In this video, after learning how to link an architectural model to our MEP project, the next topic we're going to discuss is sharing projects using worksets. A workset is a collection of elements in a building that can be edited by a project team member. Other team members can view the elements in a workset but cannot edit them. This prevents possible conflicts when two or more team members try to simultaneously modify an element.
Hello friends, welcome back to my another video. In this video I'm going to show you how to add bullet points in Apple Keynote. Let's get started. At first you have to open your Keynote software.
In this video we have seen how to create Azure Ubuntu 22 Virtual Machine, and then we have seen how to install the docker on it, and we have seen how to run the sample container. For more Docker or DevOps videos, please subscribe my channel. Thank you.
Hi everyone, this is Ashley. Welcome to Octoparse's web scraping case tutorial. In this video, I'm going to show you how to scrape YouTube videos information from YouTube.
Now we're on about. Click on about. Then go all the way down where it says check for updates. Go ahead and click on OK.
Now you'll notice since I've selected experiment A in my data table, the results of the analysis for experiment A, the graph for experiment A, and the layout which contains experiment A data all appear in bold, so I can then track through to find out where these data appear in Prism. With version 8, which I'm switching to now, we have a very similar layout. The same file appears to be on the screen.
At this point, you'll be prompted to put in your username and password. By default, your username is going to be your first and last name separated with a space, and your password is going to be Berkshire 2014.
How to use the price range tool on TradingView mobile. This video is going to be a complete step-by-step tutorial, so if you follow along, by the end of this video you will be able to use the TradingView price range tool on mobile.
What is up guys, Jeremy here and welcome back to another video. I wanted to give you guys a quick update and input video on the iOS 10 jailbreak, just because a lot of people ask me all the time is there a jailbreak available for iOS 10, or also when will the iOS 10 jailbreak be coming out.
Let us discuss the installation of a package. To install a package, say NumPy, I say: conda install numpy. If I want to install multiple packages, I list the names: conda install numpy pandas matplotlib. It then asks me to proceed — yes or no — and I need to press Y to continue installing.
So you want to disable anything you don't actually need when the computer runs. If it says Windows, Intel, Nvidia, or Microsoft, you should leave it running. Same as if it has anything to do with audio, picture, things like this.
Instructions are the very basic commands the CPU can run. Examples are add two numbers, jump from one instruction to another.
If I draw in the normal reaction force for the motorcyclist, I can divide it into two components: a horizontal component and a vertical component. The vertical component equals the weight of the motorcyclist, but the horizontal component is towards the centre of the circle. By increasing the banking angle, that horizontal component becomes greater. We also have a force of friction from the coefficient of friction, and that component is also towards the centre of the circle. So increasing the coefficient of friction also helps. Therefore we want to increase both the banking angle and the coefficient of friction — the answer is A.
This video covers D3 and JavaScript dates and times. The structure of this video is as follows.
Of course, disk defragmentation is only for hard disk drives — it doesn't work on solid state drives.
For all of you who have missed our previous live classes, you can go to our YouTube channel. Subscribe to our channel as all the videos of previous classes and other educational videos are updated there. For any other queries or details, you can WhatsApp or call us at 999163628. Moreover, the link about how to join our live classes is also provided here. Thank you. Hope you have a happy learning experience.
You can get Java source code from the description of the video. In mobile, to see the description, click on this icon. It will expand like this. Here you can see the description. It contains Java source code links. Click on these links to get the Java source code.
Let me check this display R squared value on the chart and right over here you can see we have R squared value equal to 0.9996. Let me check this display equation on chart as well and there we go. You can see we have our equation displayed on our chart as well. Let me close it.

◆ **Work to be completed**
Reproduce the material exactly, and keep every line as it is.

◆ **Exercise solution**
In this video, after learning how to link an architectural model to our MEP project, the next topic we're going to discuss is sharing projects using worksets. A workset is a collection of elements in a building that can be edited by a project team member. Other team members can view the elements in a workset but cannot edit them. This prevents possible conflicts when two or more team members try to simultaneously modify an element.
Hello friends, welcome back to my another video. In this video I'm going to show you how to add bullet points in Apple Keynote. Let's get started. At first you have to open your Keynote software.
In this video we have seen how to create Azure Ubuntu 22 Virtual Machine, and then we have seen how to install the docker on it, and we have seen how to run the sample container. For more Docker or DevOps videos, please subscribe my channel. Thank you.
Hi everyone, this is Ashley. Welcome to Octoparse's web scraping case tutorial. In this video, I'm going to show you how to scrape YouTube videos information from YouTube.
Now we're on about. Click on about. Then go all the way down where it says check for updates. Go ahead and click on OK.
Now you'll notice since I've selected experiment A in my data table, the results of the analysis for experiment A, the graph for experiment A, and the layout which contains experiment A data all appear in bold, so I can then track through to find out where these data appear in Prism. With version 8, which I'm switching to now, we have a very similar layout. The same file appears to be on the screen.
At this point, you'll be prompted to put in your username and password. By default, your username is going to be your first and last name separated with a space, and your password is going to be Berkshire 2014.
How to use the price range tool on TradingView mobile. This video is going to be a complete step-by-step tutorial, so if you follow along, by the end of this video you will be able to use the TradingView price range tool on mobile.
What is up guys, Jeremy here and welcome back to another video. I wanted to give you guys a quick update and input video on the iOS 10 jailbreak, just because a lot of people ask me all the time is there a jailbreak available for iOS 10, or also when will the iOS 10 jailbreak be coming out.
Let us discuss the installation of a package. To install a package, say NumPy, I say: conda install numpy. If I want to install multiple packages, I list the names: conda install numpy pandas matplotlib. It then asks me to proceed — yes or no — and I need to press Y to continue installing.
So you want to disable anything you don't actually need when the computer runs. If it says Windows, Intel, Nvidia, or Microsoft, you should leave it running. Same as if it has anything to do with audio, picture, things like this.
Instructions are the very basic commands the CPU can run. Examples are add two numbers, jump from one instruction to another.
If I draw in the normal reaction force for the motorcyclist, I can divide it into two components: a horizontal component and a vertical component. The vertical component equals the weight of the motorcyclist, but the horizontal component is towards the centre of the circle. By increasing the banking angle, that horizontal component becomes greater. We also have a force of friction from the coefficient of friction, and that component is also towards the centre of the circle. So increasing the coefficient of friction also helps. Therefore we want to increase both the banking angle and the coefficient of friction — the answer is A.
This video covers D3 and JavaScript dates and times. The structure of this video is as follows.
Of course, disk defragmentation is only for hard disk drives — it doesn't work on solid state drives.
For all of you who have missed our previous live classes, you can go to our YouTube channel. Subscribe to our channel as all the videos of previous classes and other educational videos are updated there. For any other queries or details, you can WhatsApp or call us at 999163628. Moreover, the link about how to join our live classes is also provided here. Thank you. Hope you have a happy learning experience.
You can get Java source code from the description of the video. In mobile, to see the description, click on this icon. It will expand like this. Here you can see the description. It contains Java source code links. Click on these links to get the Java source code.
Let me check this display R squared value on the chart and right over here you can see we have R squared value equal to 0.9996. Let me check this display equation on chart as well and there we go. You can see we have our equation displayed on our chart as well. Let me close it.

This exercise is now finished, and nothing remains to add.